Normal Voltages in the Electrocardiogram

•The recorded voltages of the waves in the normal electrocardiogram depend on the manner in which the electrodes are applied to the surface of the body and how close the electrodes are to the heart.

•When one electrode is placed directly over the ventricles and a second electrode is placed elsewhere on the body remote from the heart, the voltage of the QRS complex may be as great as 3 to 4 millivolts.

•Even this voltage is small in comparison with the monophasic action potential of 110 millivolts recorded directly at the heart muscle membrane.

•When electrocardiograms are recorded from electrodes on the two arms or on one arm and one leg, the voltage of the QRS complex usually is 1.0 to 1.5 millivolt from the top of the R wave to the bottom of the S wave; the voltage of the P wave is between 0.1 and 0.3 millivolt; and that of the T wave is between 0.2 and 0.3 millivolt.

Time interval of ECG

P-Q or P-R Interval.

•The time between the beginning of the P wave and the beginning of the QRS complex is the interval between the beginning of electrical excitation of the atria and the beginning of excitation of the ventricles.

•This period is called the P-Q interval.

•The normal P-Q interval is about 0.16 second. (Often this interval is called the P-R interval because the Q wave is likely to be absent.)

Q-T Interval.

•Contraction of the ventricle lasts almost from the beginning of the Q wave (or R wave, if the Q wave is absent) to the end of the T wave.

•This interval is called the Q-T interval and ordinarily is about 0.35 second.

Rate of Heartbeat as Determined from the Electrocardiogram

•The rate of heartbeat can be determined easily from an electrocardiogram because the heart rate is the reciprocal of the time interval between two successive heartbeats.

•If the interval between two beats as determined from the time calibration lines is 1 second, the heart rate is 60 beats per minute.

•The normal interval between two successive QRS complexes in the adult person is about 0.83 second.

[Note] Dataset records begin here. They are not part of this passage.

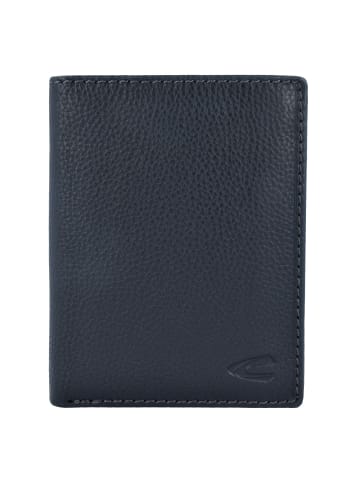 Camel Active Macau Geldbörse RFID Schutz Leder 9 cm in schwarz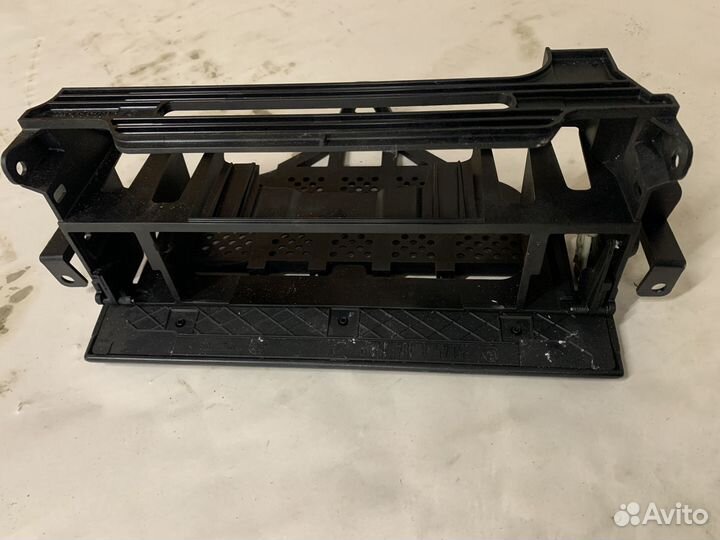 Крышка рамка магнитолы BMW 5 E39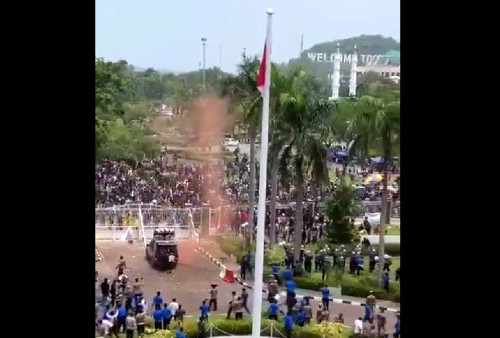 43 Orang Ditangkap Kepolisian Pasca Ricuhnya Demo Pulau Rempang di BP Batam, Kapolri: Mereka Anarkis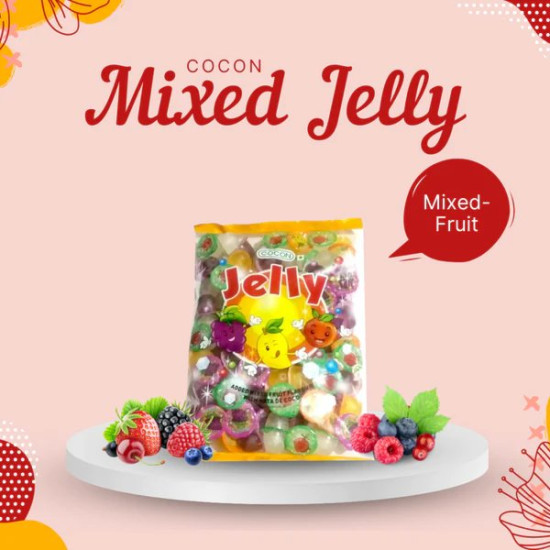 Cocon Jelly 10 Unit - Exotic Fruit-Flavored Delight
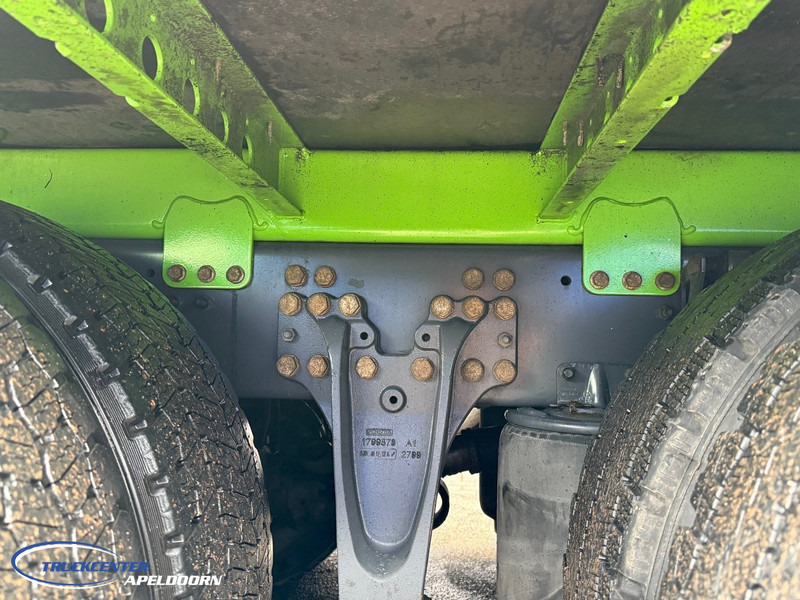 Dropside/ Flatbed truck Scania R730 V8 NGS 8x4, Retarder, Twistlocks: picture 11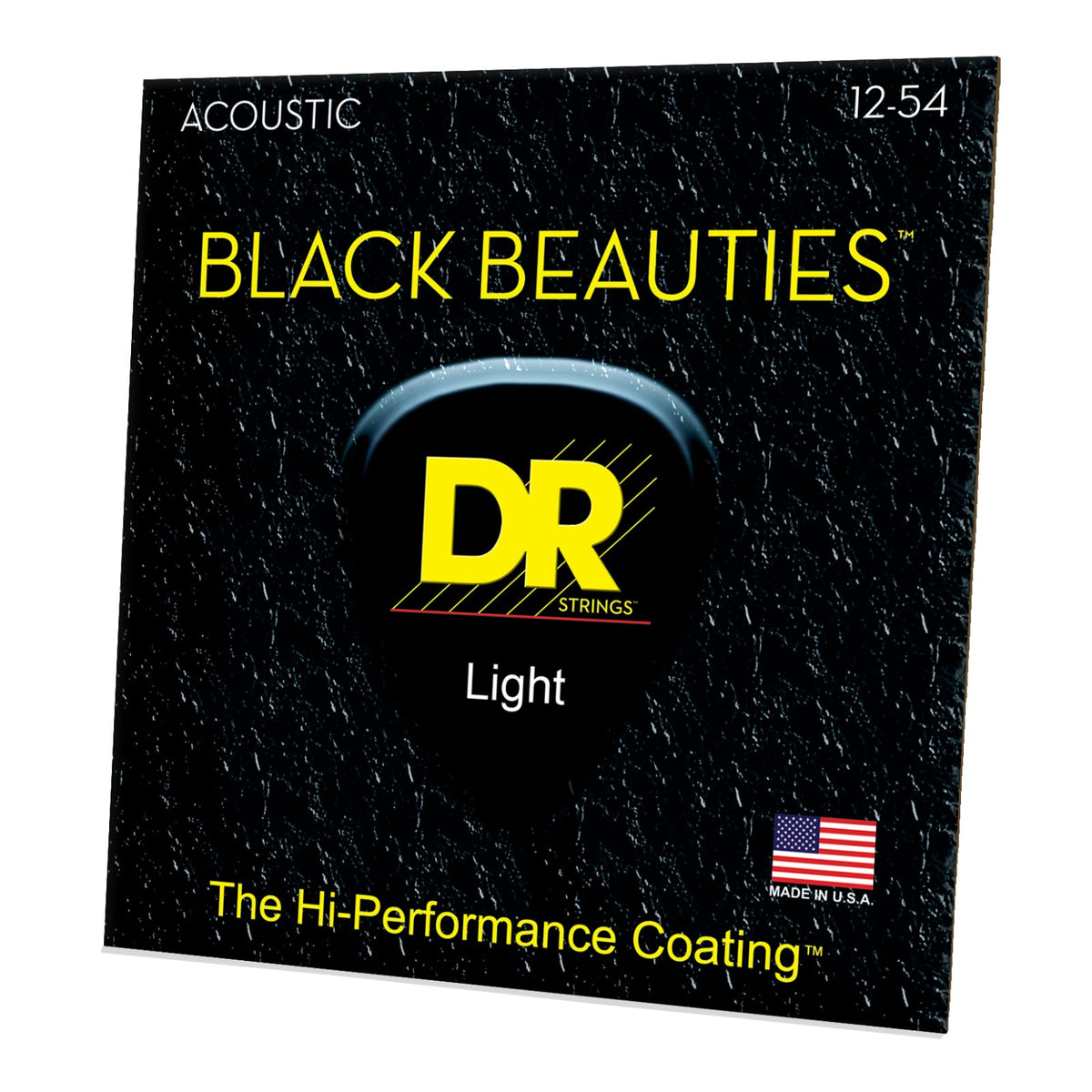 Bao bì dây DR Black Beauties BKA-12 12-54 chụp nghiêng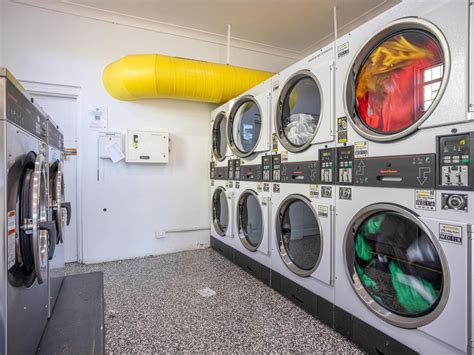 turnkey laundromat for sale.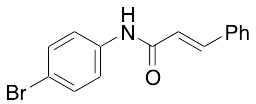 (E)-N-(4-Bromophenyl)-3-phenyl-2-propenamide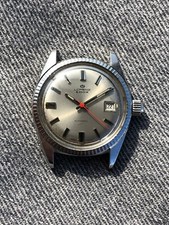 Lorenz Edox Automatic Oversize Rare Vintage Watch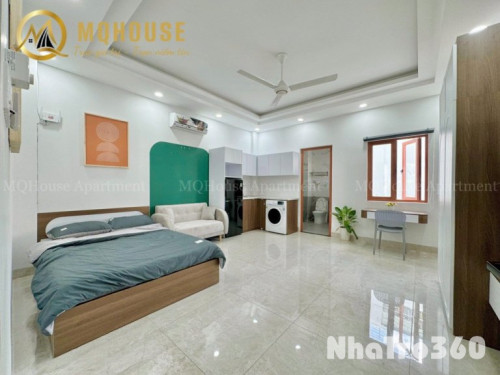 STUDIO CỬA SỔ FULL NT CÓ MGR GẦN NHÀ GA T3 QTB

This is a heart rate of 60/0.83 times per minute, or 72 beats per minute.

Methods for Recording Electrocardiogram

•Sometimes the electrical currents generated by the cardiac muscle during each beat of the heart change electrical potentials and polarities on the respective sides of the heart in less than 0.01 second. Therefore, it is essential that any apparatus for recording electrocardiograms be capable of responding rapidly to these changes in potentials.

Pen Recorder

•Many modern clinical electrocardiographs use computer-based systems and electronic display, while others use a direct pen recorder that writes the electrocardiogram with a pen directly on a moving sheet of paper.

•Sometimes the pen is a thin tube connected at one end to an inkwell, and its recording end is connected to a powerful electromagnet system that is capable of moving the pen back and forth at high speed.

•As the paper moves forward, the pen records the electrocardiogram.

•The movement of the pen is controlled by appropriate electronic amplifiers connected to electrocardiographic electrodes on the patient.

•Other pen recording systems use special paper that does not require ink in the recording stylus.

•One such paper turns black when it is exposed to heat; the stylus itself is made very hot by electrical current flowing through its tip.

•Another type turns black when electrical current flows from the tip of the stylus through the paper to an electrode at its back. This leaves a black line on the paper where the stylus touches.